Sauver la presse régionale : les leçons de la gestion des business models de Google, Apple et Microsoft

La presse régionale souffre des conséquences de la crise du Covid-19. Fragilisé depuis de nombreuses années à cause de l’affaiblissement de son modèle d’affaires traditionnel, la réduction de la distribution et les baisses des revenus publicitaires risquent désormais de lui être fatale. Ainsi, le quotidien Paris-Normandie a été placé en liquidation judiciaire le 21 avril suite à l’accumulation d’une dette de 7 millions d’euros. Cet exemple est loin d’être un cas isolé et de nombreux autres titres rencontrent des difficultés financières.

Les limites de la digitalisation du business model de la presse régionale

La situation n’est pas nouvelle et le diagnostic est connu : baisse du lectorat papier, baisse des points de distribution, baisse des recettes publicitaires, augmentation du prix du journal plus rapide que l’inflation (voir à ce propos le livre de Jean-Marie Charon, La presse quotidienne).
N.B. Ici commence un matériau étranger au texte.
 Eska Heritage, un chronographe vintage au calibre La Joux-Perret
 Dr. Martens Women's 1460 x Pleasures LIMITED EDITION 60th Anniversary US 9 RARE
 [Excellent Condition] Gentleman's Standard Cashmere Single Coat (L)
Le modèle d’affaires principalement basées sur les revenus de la vente de publicité et la vente d’abonnements est remis en cause par le développement de l’accès gratuit à l’information et la segmentation d’extrêmes des pratiques sur internet. La presse régionale peine donc à trouver un nouveau modèle économique dans le Nouveau Monde numérique de l’information alors qu’elle a un rôle central dans le maintien de la démocratie. D’après Clara Hendrickson, chercheuse pour la Brookings Institution, la crise de la presse locale serait une des causes de la crise de la démocratie américaine.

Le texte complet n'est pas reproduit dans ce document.